We urge the GMC to throw out this case and perhaps instead investigate the background and motives of those who have brought this case against Dr Speight. It is perhaps a better use of the GMC’s resources to investigate those who are involved in bringing this case before the GMC as we feel it is their conduct and treatment of young people with ME that really needs to be the subject of any investigation,
Chairman and Trustees Invest in ME
Charity Nr 1114035
- EMEA: http://www.euro-me.org/
- EFNA: http://efna.net/
- Invest in ME Conference 2016: http://www.investinme.eu/index.shtml
- EMERG: http://www.investinme.org/EMERG.htm
- Forward ME June 2014: http://www.forward-me.org.uk/25th%20June%202014.htm
- IiME letter to Lancet: http://www.investinme.org/IIME-Newslet-1511-01.htm
- An open letter to Dr. Richard Horton and The Lancet: http://www.virology.ws/2015/11/13/an-open-letter-to-dr-richard-horton-and-the-lancet/
- Why the scientific community needs the PACE trial data to be released: http://blogs.plos.org/mindthebrain/2015/11/11/why-the-scientific-community-needs-the-pace-trial-data-to-be-released/
- IOM Report - Beyond Myalgic Encephalomyelitis/Chronic Fatigue Syndrome: Redefining an Illness - http://www.iom.edu/reports/2015/me-cfs.aspx 10. Invest in ME IOM Report Analysis - http://tinyurl.com/kykkhx8
It is difficult to comprehend how an organisation such as the GMC can get it so wrong.

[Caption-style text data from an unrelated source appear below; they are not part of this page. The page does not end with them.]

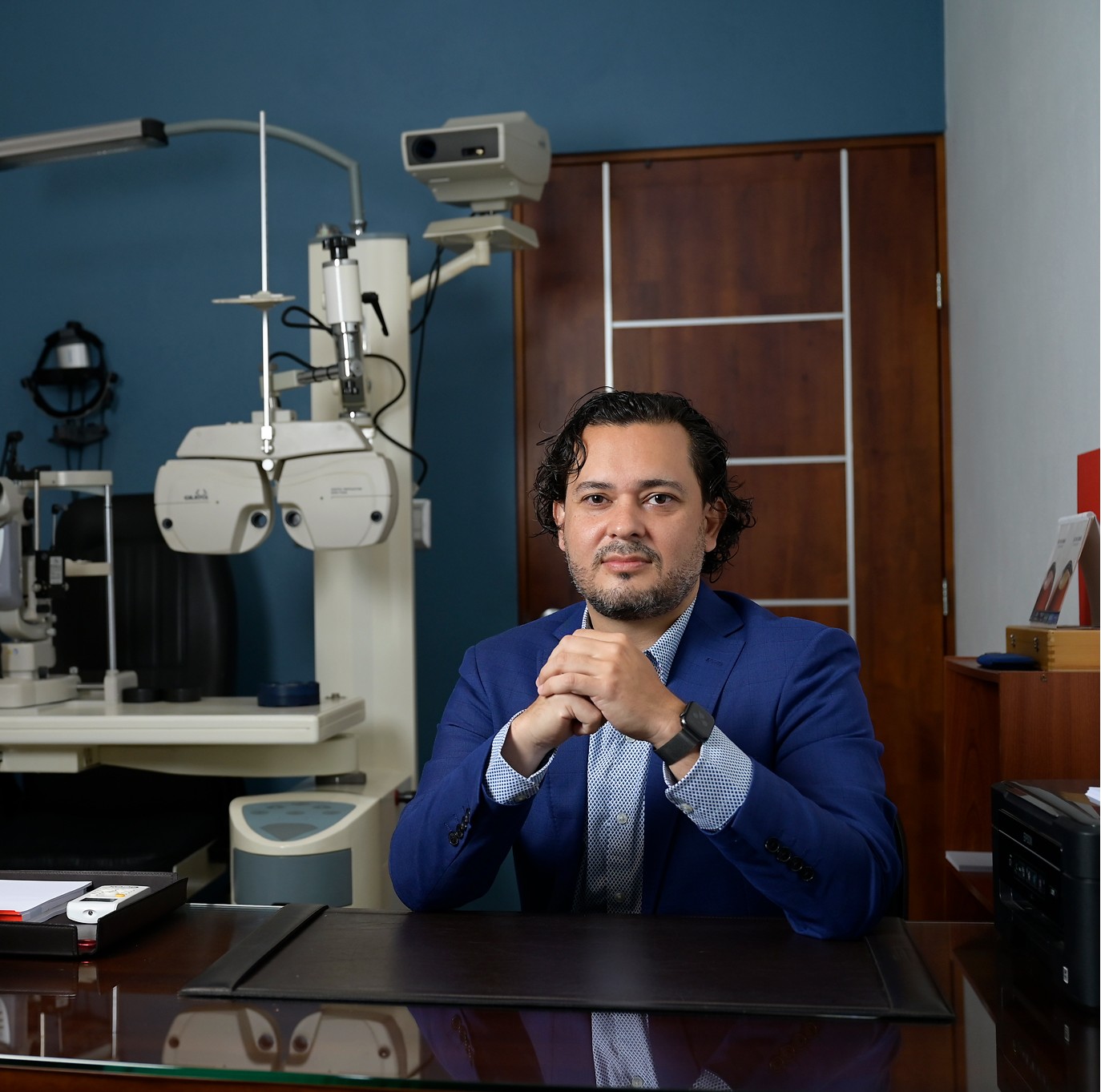Oftalmología estética en Almabela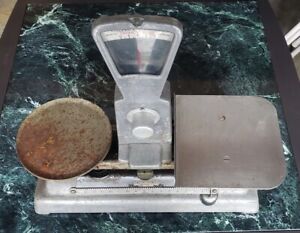 Antique Exact Weight Scale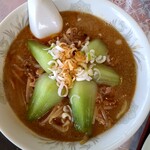 鳳華 - 担々麺＠700円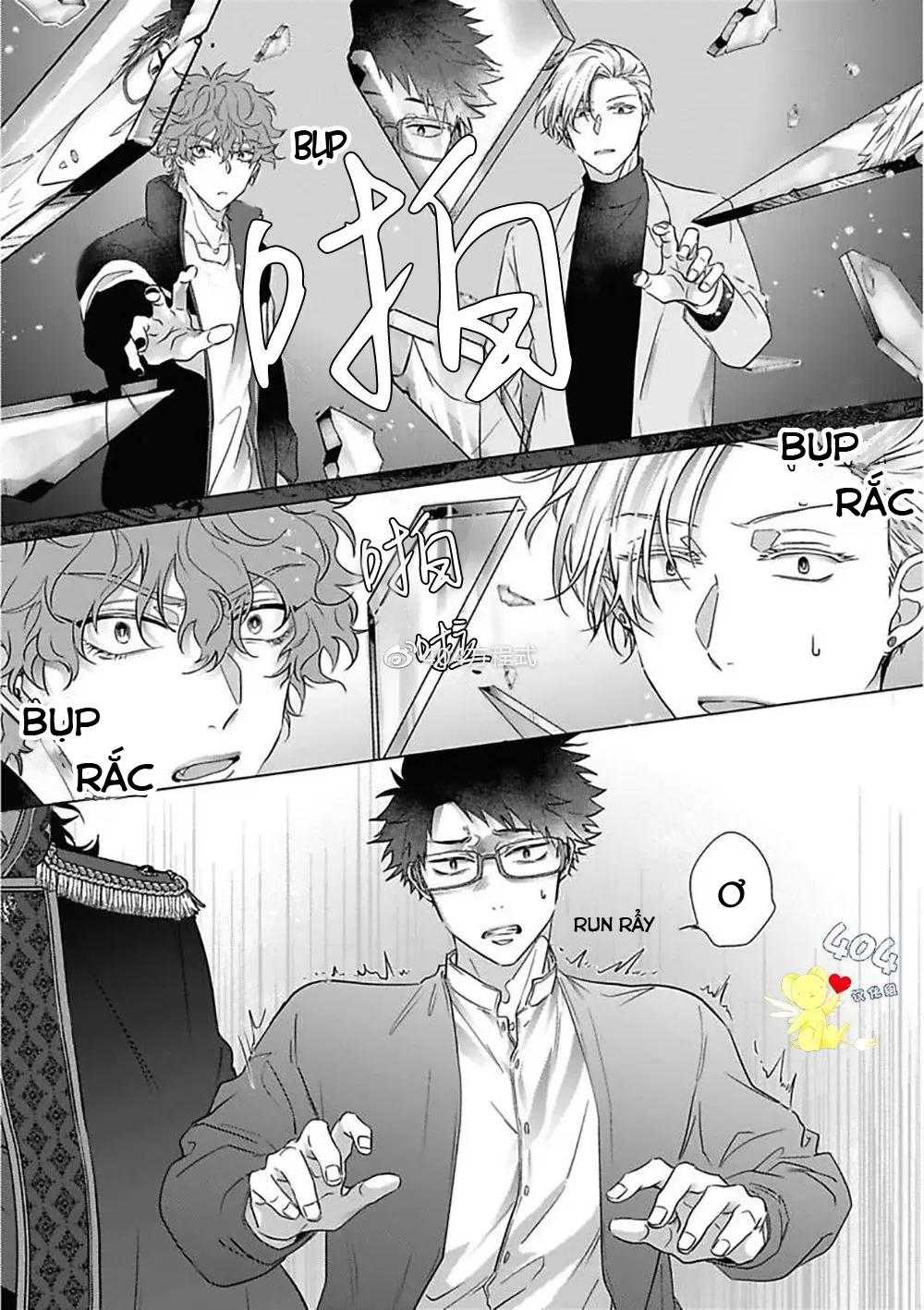 cơn ác mộng vô đạo đức chapter 5 27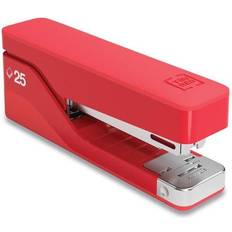 Red Desktop Stationery TRU RED Desktop Aluminum Stapler, 25-sheet Capacity, TUD24418162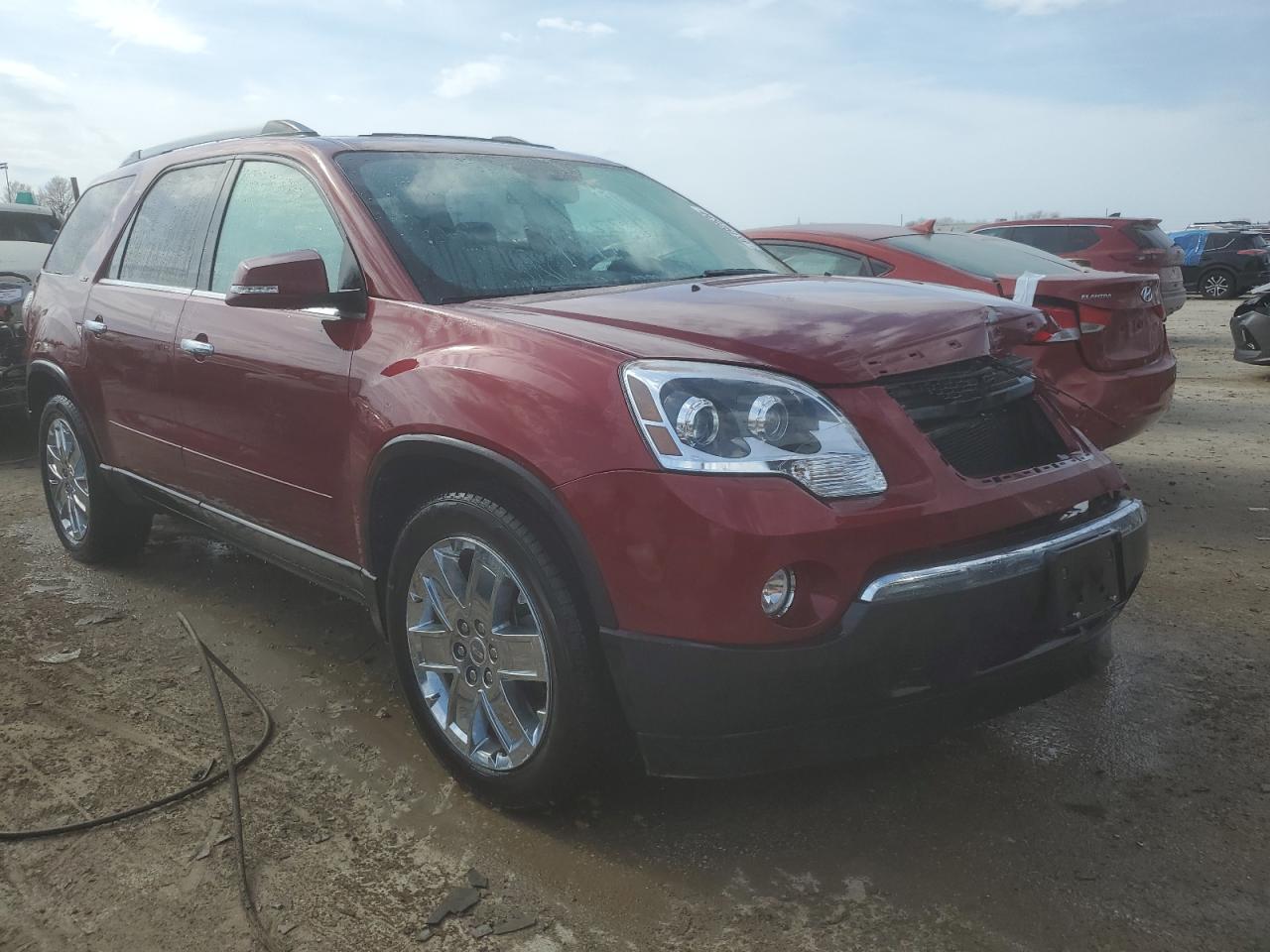 Photo 3 VIN: 1GKLVNED2AJ184512 - GMC ACADIA 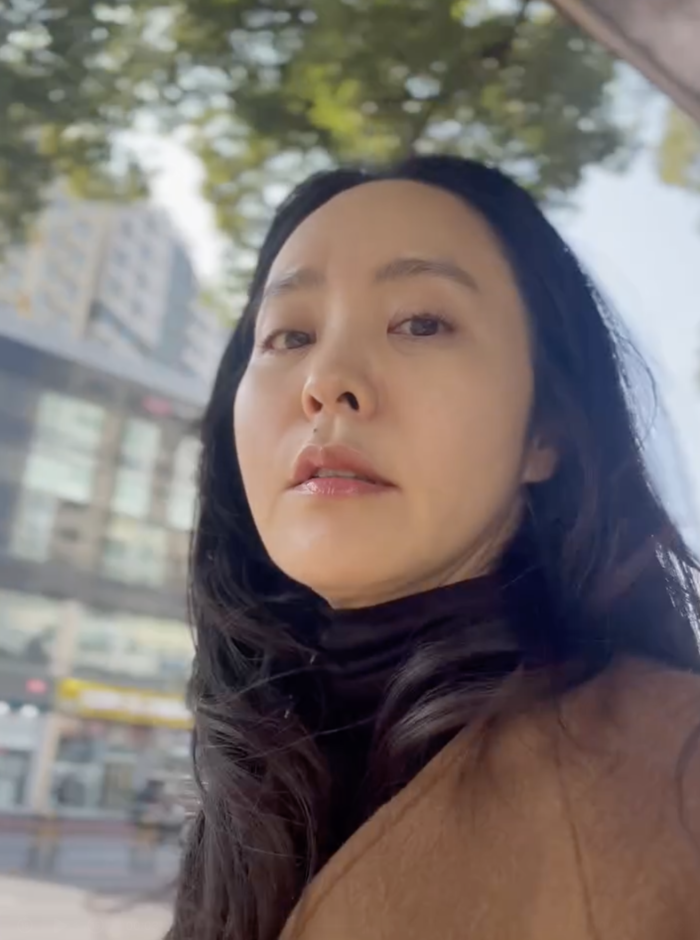 박지윤, 일주일간 자취 감췄던 이유... “사실 아팠다” 고백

Much like the Lancet, or the so-called Medical Research Council's "Expert Panels" on ME, or NICE when relating to their guidelines - one has to ask what is the point of these organisations?
The GMC -
We help to protect patients and improve medical education and practice in the UK by setting standards for students and doctors.
We support them in achieving and exceeding those standards, and take action when they are not met.

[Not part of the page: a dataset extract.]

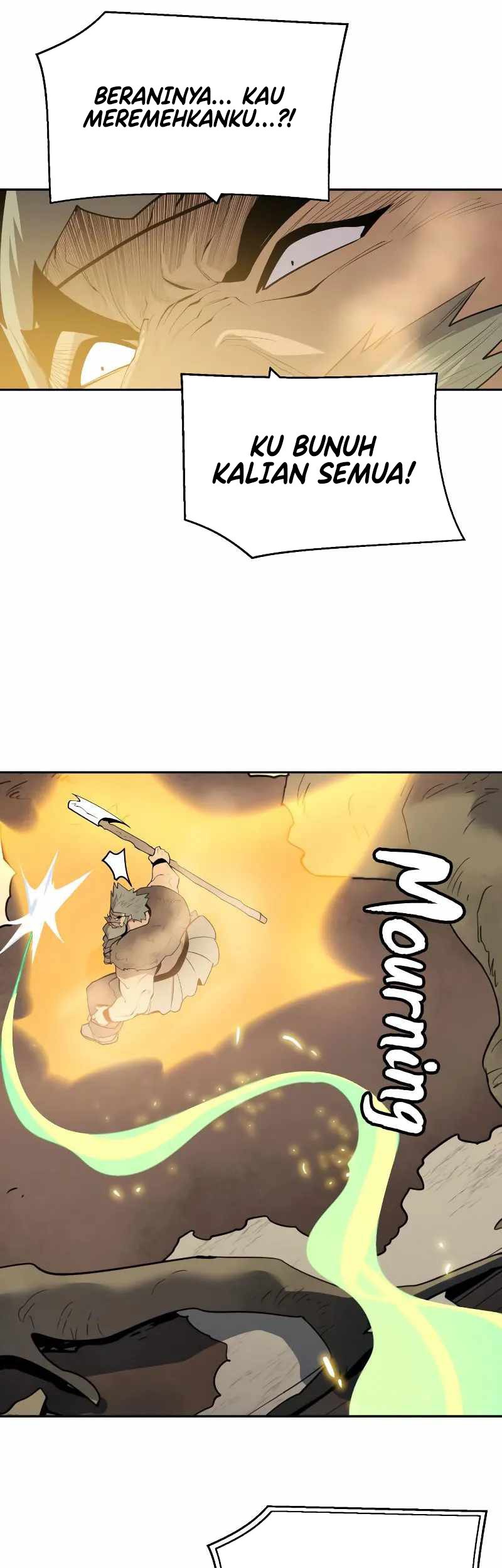 Teenage Swordsman Chapter 63 - halaman 23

As always - actions speak louder than words.
And the GMC is ignoring the elephant in their room - the problem of how to deal fairly with ME and avoid total bias toward an outdated establishment characterisation of this disease.
The limited response allowed after the news of this was broken indicates the level of incredulity and disgust amongst people with ME and their carers.
This is not going to change!
We therefore feel the facts of this case need further analysis.
Some pertinent questions need to be answered.
From where did these allegations originate?
If they were from patients then anonymity probably has to remain. However, we doubt this is the source of complaints against Dr Speight bearing in mind his incredible service to vulnerable and abused and threatened yound people with ME.
So more likely the allegations have come from other healthcare staff - or others associated with elements of healthcare.
If this is so then anonymity of those making the allegations may not be such a clear case.
Why has this occurred so quickly?
Why has the GMC acted so quickly to prohibit a known and respected doctor with outstanding credentials in terms of ME care?
Why has no account of supportive testimony from charities such as IiME been analysed throughly?
>Let Us Gauge Others' Reactions
Patients have already shown their disgust at the way Dr Speight is being treated. This anger will not subside.
So it would be interesting to get support for Dr Speight from other areas - not just ME patients.
- What is the CFS clinics’ position on this?
- What does the MRC collaborative think?
- We have little expectation of the MRC collaborative - but what does the chair or vice-chair of the MRC collaborative think of this?
Perhaps they would consider coming forward and expressing support for Dr Speight and request that the GMC reconsider their verdict.
- What position does BACME take on this?